The motion options are always specified per traversable (acceleration structure or motion transform). There is no dependency between the motion options of traversables; given an instance referencing a geometry acceleration structure with motion, it is not required to build an instance acceleration structure with motion. The same goes for motion transforms. Even if an instance references a motion transform as child traversable, the instance acceleration structure itself may or may not have motion.

Motion transforms must specify at least two motion keys. Acceleration structures, however, also accept AccelBuildOptions with field MotionOptions set to default(). This effectively disables motion for the acceleration structure and ignores the motion beginning and ending times, along with the motion flags.

OptiX also supports static transform traversables in addition to the static transform of an instance. Static transforms are intended for the case of motion transforms in the scene. Without any motion transforms (MatrixMotionTransform or SrtMotionTransform) in the traversable graph, any static transformation should be baked into the instance transform. However, if there is a motion transform, it may be required to apply a static transformation on a traversable (for example, on a geometry-AS) first before applying the motion transform. For example, a motion transform may be specified in world coordinates, but the geometry it applies to needs to be placed into the scene first (object-to-world transformation, which is usually done using the instance transform). In this case, a static transform pointing at the geometry acceleration structure can be used for the object-to-world transformation and the instance transform pointing to the motion transform has an identity matrix as transformation.

Motion boundary conditions are specified by using flags. By default, the behavior for any time outside the time range, is as if time was clamped to the range, meaning it appears static and visible. Alternatively, to remove the traversable before the beginning time, set MotionFlags::START_VANISH; to remove it after the ending time, set MotionFlags::END_VANISH.

For example:

let motion_options = MotionFlags {
    num_keys: 3,
    time_begin: -1.0,
    time_end: 1.5
    flags: MotionFlags::NONE,
};

OptiX offers two types of motion transforms, SRTs (scale-rotation-translation) as well as 3x4 affine matrices, each specifying one transform (SRT or matrix) per motion key. The transformations are always specified as object-to-world transformation just like the instance transformation. During traversal OptiX performs a per-component linear interpolation of the two nearest keys. The rotation component (expressed as a quaternion) of the SRT is an exception, OptiX ensures that the interpolated quaternion of two SRTs is of unit length by using nlerp interpolation for performance reasons. This results in a smooth, scale-preserving rotation in Cartesian space though with non-constant velocity.

For vertex motion, OptiX applies a linear interpolation between the vertex data that are provided by the application. If intersection programs are used and AABBs are supplied for the custom primitives, the AABBs are also linearly interpolated for intersection. The AABBs at the motion keys must therefore be big enough to contain any motion path of the underlying custom primitive.

There are several device-side functions that take a time parameter such as optixTrace and respect the motion options as set at the traversables. The result of these device-side functions is always that of the specified point in time, e.g, the intersection of the ray with the scene at the selected point in time. Device-side functions are discussed in detail in “Device-side functions”.

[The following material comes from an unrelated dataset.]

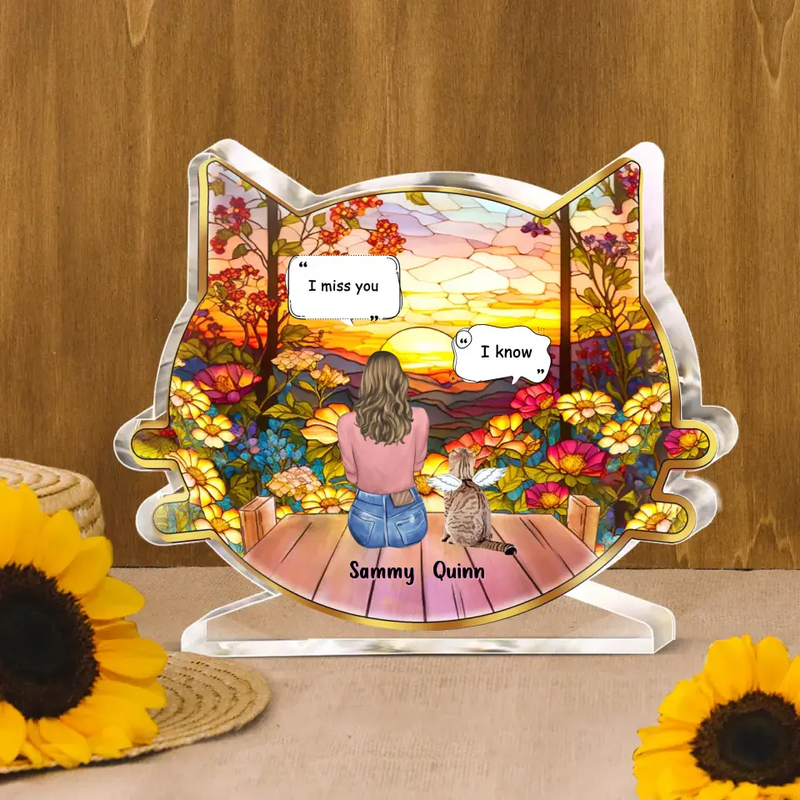 Personalized Memorial Cat Acrylic Plaque - Up to 3 Cats - Memorial Gift Idea For Cat Lover - I Miss You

Motion Geometry Acceleration Structure

Use Accel::build() to build a motion acceleration structure. The motion options are part of the build options (AccelBuildOptions) and apply to all build inputs. Build inputs must specify primitive vertex buffers (for TriangleArray and CurveArray), radius buffers (for CurveArray), and AABB buffers (for [CustomPrimitiveArray] and InstanceArray) for all motion keys. These are interpolated during traversal to obtain the continuous motion vertices and AABBs between the begin and end time.

The motion options are typically defined by the mesh data which should directly map to the motion options on the geometry acceleration structure. For example, if a triangle mesh has three per-vertex motion values, the geometry acceleration structure needs to have three motion keys. Just as for non-motion meshes, it is possible to combine meshes within a single geometry acceleration structure to potentially increase traversal performance (this is generally recommended if there is only a single instance of each mesh and the meshes overlap or are close together). However, these meshes need to share the same motion options (as they are specified per geometry acceleration structure). The usual trade-offs apply in case meshes need to be updated from one frame to another as in an interactive application. The entire geometry acceleration structure needs to be rebuilt or refitted if the vertices of at least one mesh change.

It is possible to use a custom intersection program to decouple the actual vertex data and the motion options of the geometry acceleration structure. Intersection programs allow any kind of intersection routine. For example, it is possible to implement a three-motion-key-triangle intersection, but build a static geometry acceleration structure over AABBs by passing AABBs to the geometry acceleration structure build that enclose the full motion path of the triangles. However, this is generally not recommended for two reasons: First, the AABBs tend to increase in size very quickly even with very little motion. Second, it prevents the use of hardware intersection routines. Both of these effects can have a tremendous impact on performance.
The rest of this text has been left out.